Howard Freeman, clinical director at the Independent Healthcare Providers Network, which represents private hospitals, said some of the work it would undertake for the NHS would be high-dependency intensive and critical care. However, support would also be made available for coronavirus patients who require oxygen or clean facilities as their condition improves.

Some private hospitals would need “repurposing” but this could be done quickly alongside retraining staff, Dr Freeman added. “The key point is that the NHS has secured significant extra capacity to throw at the fight against coronavirus and we can expect all of this to be deployed in the weeks and months ahead,” he said.

The medical capacity available in the sector reflects the UK’s unusual model of private healthcare.

Healthcare in Britain is funded through general taxation but patients can choose to beat long waiting lists to see NHS consultants who also work in private hospitals. About 40 per cent of these pay through private medical insurance, provided by employers, and a further 30 per cent are paid for by the NHS through the so-called “choose and book” system, which allows people to choose to be treated in a private hospital at the state’s expense.

Although the 10 largest private hospitals chains in the UK — including BMI Healthcare/Circle Healthcare, Spire Healthcare, HCA and Nuffield Health — have been expanding into new, higher-margin areas such as oncology, for the most part they still focus on routine elective surgery such as hip and knee operations or cataract treatment. The going rate for a knee replacement is up to £15,200.
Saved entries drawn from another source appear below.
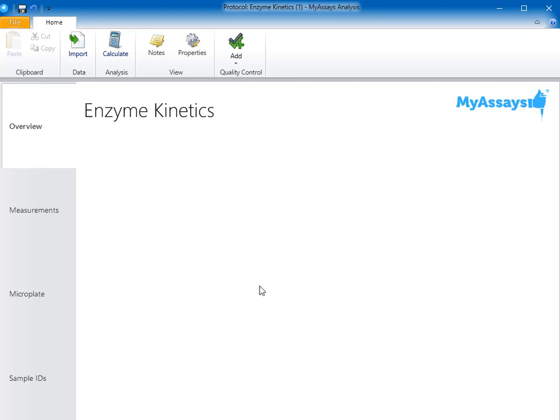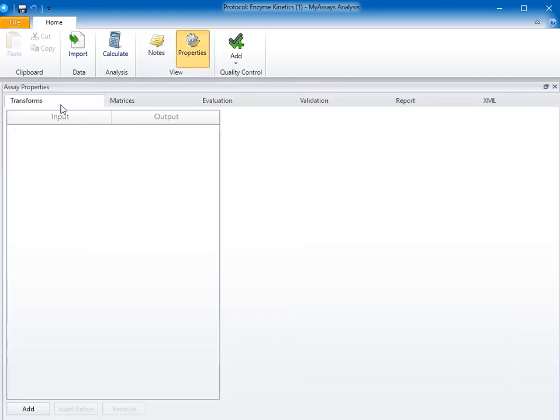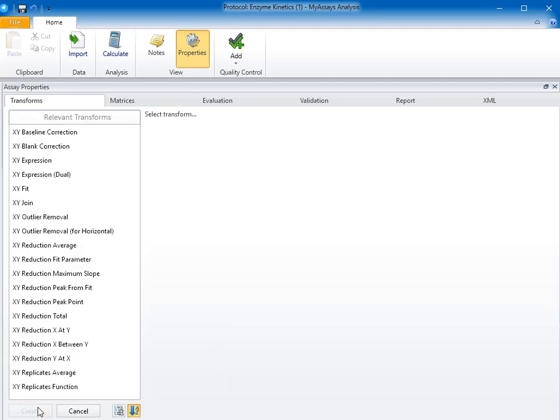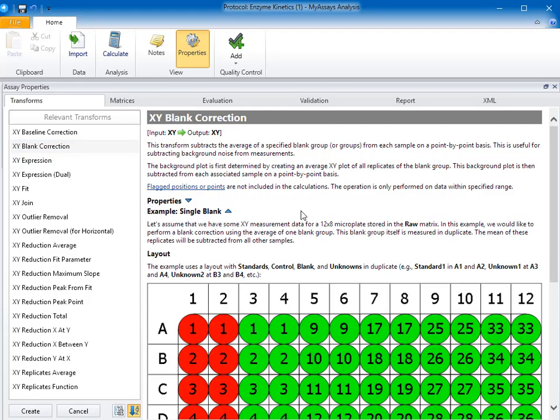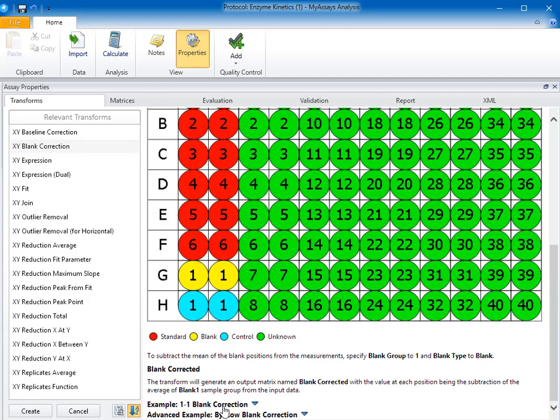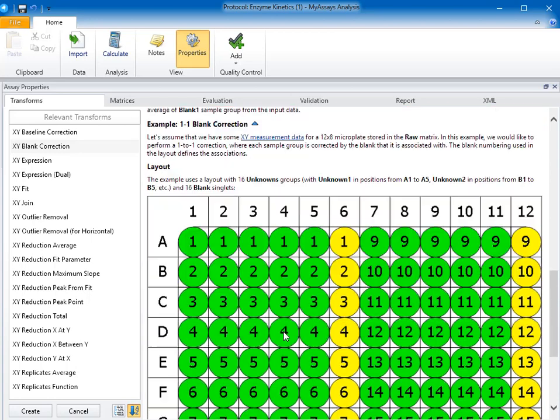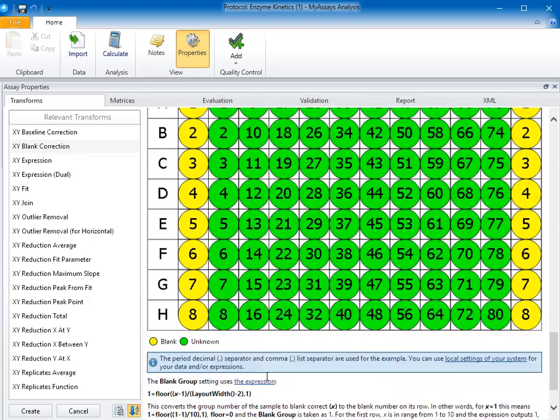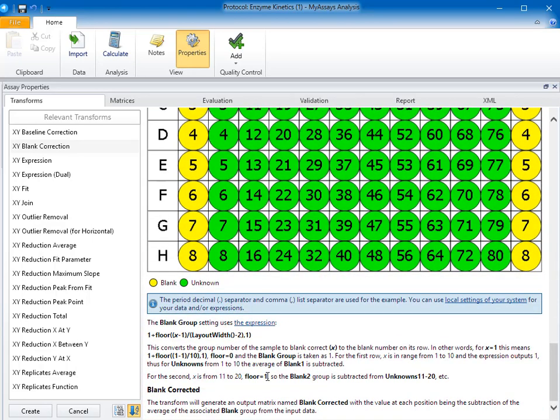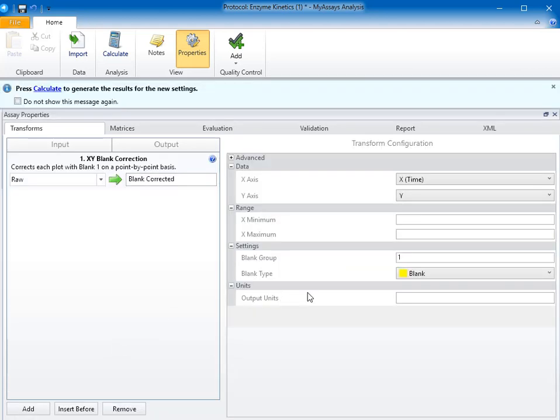To begin adding these steps, I'll open the Properties control and start on the Transforms tab. The first step for my data analysis will be to add a blank correction transform. I'll click Add and select XY blank correction. There are several different ways a blank or background correction step can be performed. You can perform a blank correction using a single blank, a one-to-one blank correction, which corrects each sample using its associated blank, or you can perform a blank correction by row, which corrects all samples in a row with the corresponding blank. In my case, I have a single blank for the plate. So I'll click Create, set the blank type to blank, and the blank group to 1.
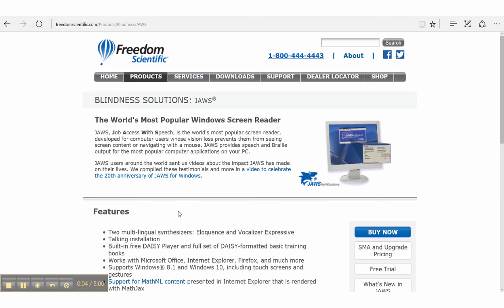Screen readers are text-to-speech applications that provide extensive feedback for navigation and use of the computer by visually impaired users. Screen readers mainly use keyboard commands to perform all functions on a computer.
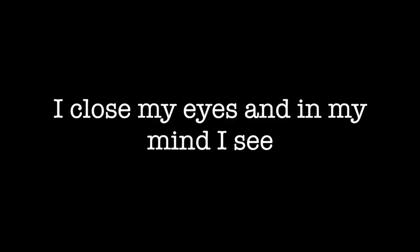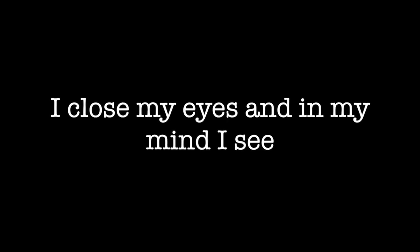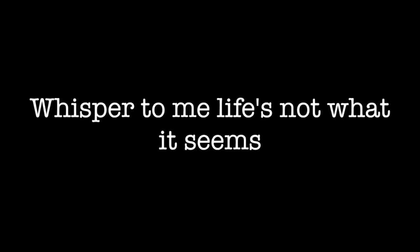Whisper the things I want to hear from you. It blows my mind, the meaning of unconditional love that's blind. I close my eyes and in my mind I see my broken dreams. Whisper to me, life's not what it seems.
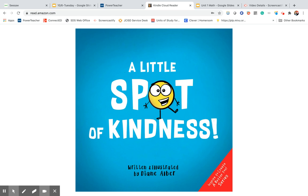Hi boys and girls. Our next book of the day is A Little Spot of Kindness, written and illustrated by Diane Elber.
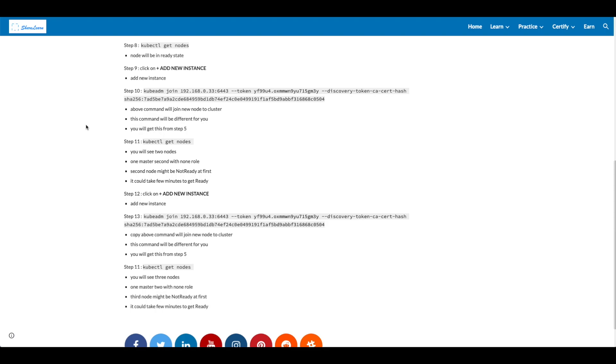Step 12, add new instance. Step 13, use the command which you have found in step 5 to join this node to the cluster. Go back to the first node and type in kubectl get nodes. You'll see three nodes, one master, two with the none role. Third node might be not ready at first. It could take few minutes to get ready.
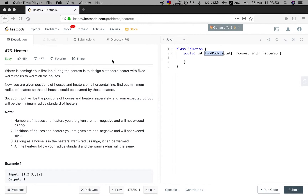Hello guys. Now let's try to solve an easy problem — the Heaters. Your first job during a contest is to design a standard heater with a fixed warm radius to warm all the houses.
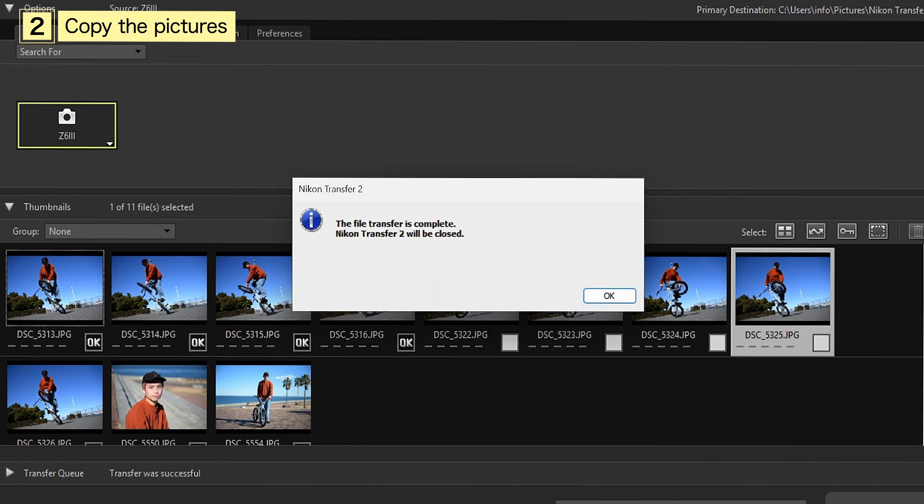When the Transfer Completion dialog appears, click OK to exit Nikon Transfer 2.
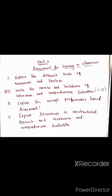In this unit, we have questions: explain the different kinds of assessment and practices. Next, write the merits and limitations of CCE. CCE is a very important issue — not just for your exam but useful for your future teaching. Explain the concept of performance-based assessment, practice-based assessment, and examination-based assessment.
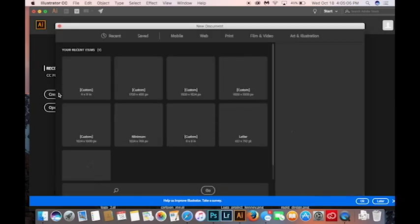We also have to choose what template size to use. I'm just going to be using a basic 9x11.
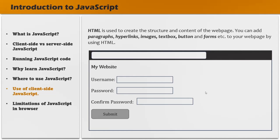HTML is used to create the structure and content of the web page. With HTML, you can add paragraphs, hyperlinks, images, forms, buttons, etc. When you use only HTML for creating a web page, the page will have all the elements like headers, text boxes, text, and buttons, but the web page itself is not styled. So HTML is used to add elements to the web page, but for styling we use CSS.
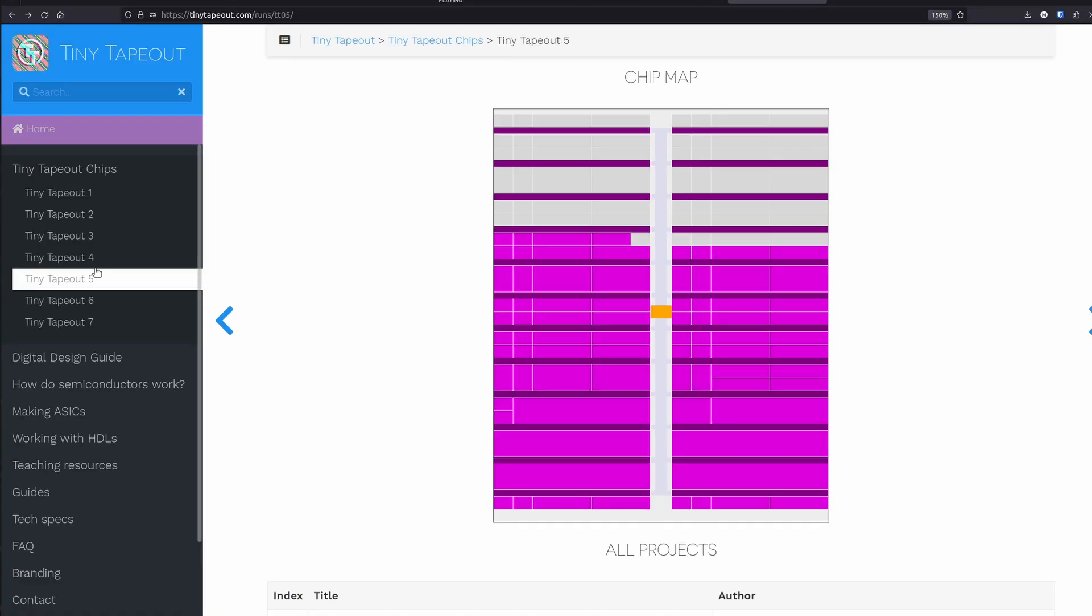In this video, I'm going to show that design working and I'm going to make a few measurements with the Digilent Analog Discovery 3, which is a really cool tool we can use for mixed signal design measurement and characterization.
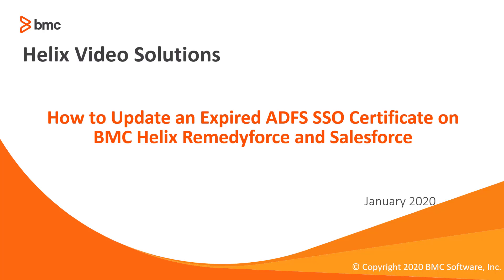Hello and welcome to how to update an expired ADFS certificate for RemedyForce and Salesforce. First, we need to create a new certificate, so let's log in to our RemedyForce.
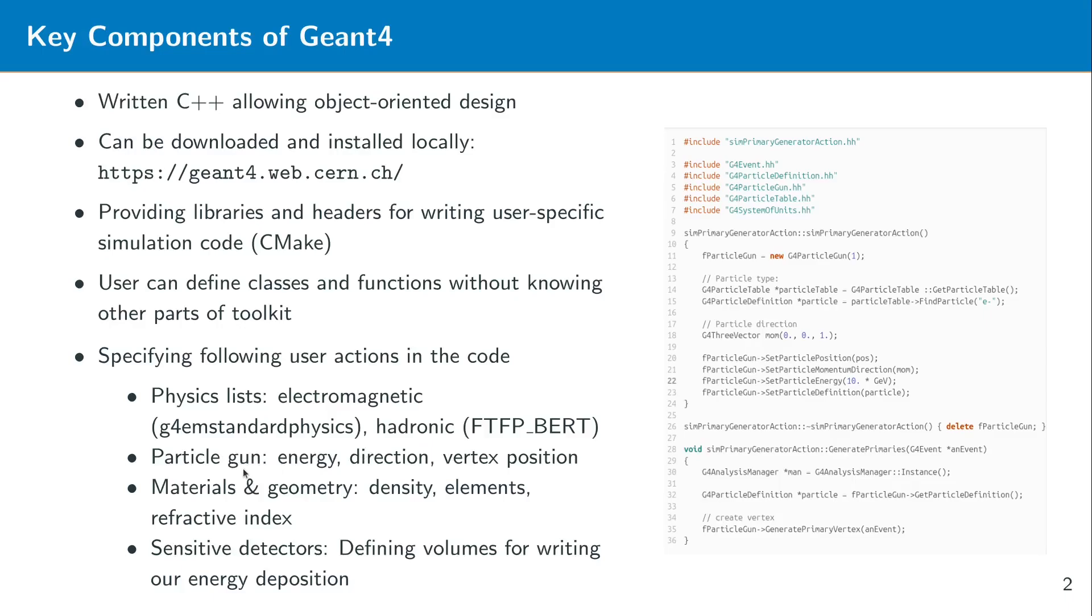Then of course there is also a class for a particle gun. You can set certain parameters, for example the energy of the particle, direction of the particle, or the vertex position where the particle is created. And this is actually what you need in addition to the particle species of course. And then you have a full definition of the particle. And an example of how such a particle generator looks like you can see here on the right side just an example code.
But although the private sector has not been providing acute care, NHS capacity has fallen over the past three decades. The NHS lost 44 per cent of its general and acute beds between 1987/8 and 2018/19, according to data analysed by the King’s Fund, a think-tank, although this is partly because of a shift towards out-of-hospital operations and an increase in day-only beds.

Vivek Kotecha, researcher at the Centre for Health and the Public Interest, a think-tank, said that the expansion of the private hospital market over 20 years had provided “an excuse for the government not to invest enough in healthcare capacity”.

The coronavirus will have hit private hospitals’ earnings, with non-emergency medical operations being cancelled because of vulnerable patients staying away and medical staff being unavailable.

Travel restrictions were also hurting the London hospitals’ other large source of income — revenues from overseas patients, particularly from the Gulf states, who pay for care that is not available in their own countries.

Mr Kotecha said the deal with NHS England was effectively a “bailout” for the UK’s private hospital sector and their landlords, which include listed real estate investment trusts. “To have their costs covered, at full capacity, for the near future is welcome relief,” he added. However, it was not clear whether insurers will have to refund premiums as a result of the reduced services.

On Saturday, the listed Spire Healthcare, which runs 35 hospitals, said the deal with NHS England would provide “sufficient liquidity and financial stability during the Covid-19 outbreak”. It added that it would receive “cost recovery for its services, including operating costs, overheads, use of assets, rent and interest less a deduction for any private elective care provided”.

Ramsay Healthcare, which has 827 beds in the UK, and relies on income from the NHS for about 80 per cent of its revenue, also welcomed the deal. Last week the Australian-owned company suspended its full-year guidance because of uncertainty over the impact of coronavirus.

The Independent Healthcare Providers Network said patients undergoing urgent cancer or long-term neurological treatment would experience no disruption. HCA added that it had asked doctors to look at their patients and continue operating on those who are scheduled for time-critical operations.